WHAT THE TASK REQUIRES → Every line from the line containing "Passat sportline -12" through the end of the data is to be reproduced exactly, excluding pictures.

SOURCE MATERIAL →
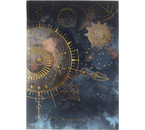 Ежедневник недатированный Staff (А5, фольга), 145×205 мм, 128 л., Astrology Ежедневник недатированный Staff (А5, фольга), 145×205 мм, 128 л., Astrology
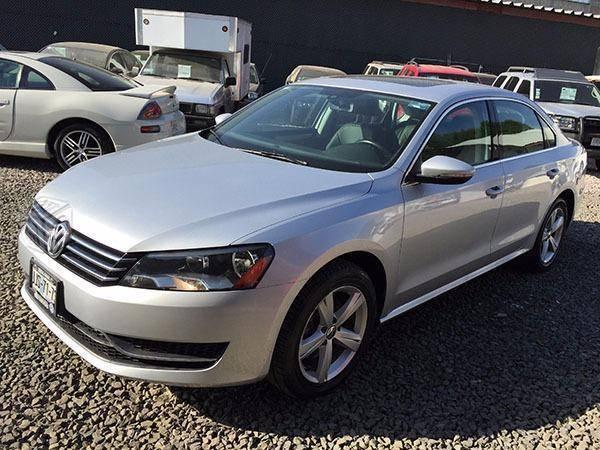 Passat sportline -12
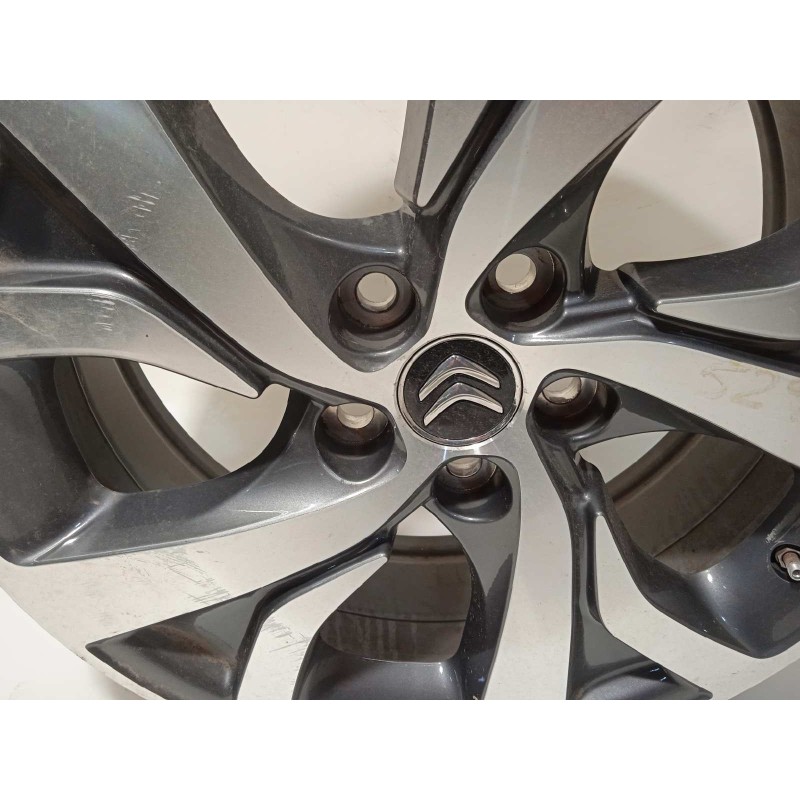 Recambio de llanta para citroën c4 aircross 1.6 hdi fap referencia OEM IAM 1608200280  
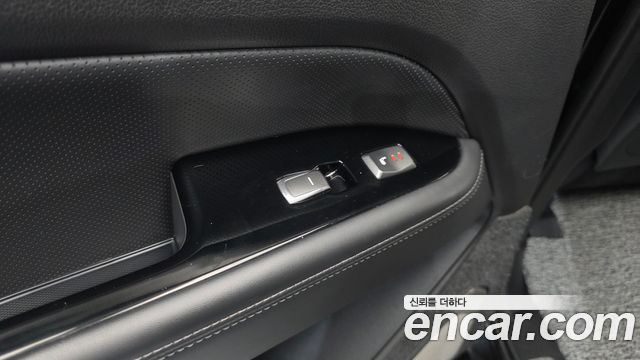 KG Mobility (SsangYong) G4 Rexton Diesel 2.2 4WD Eurasia Edition 2018 — фото 20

RESULT FOR THIS EXERCISE →
 Passat sportline -12
 Recambio de llanta para citroën c4 aircross 1.6 hdi fap referencia OEM IAM 1608200280  
 KG Mobility (SsangYong) G4 Rexton Diesel 2.2 4WD Eurasia Edition 2018 — фото 20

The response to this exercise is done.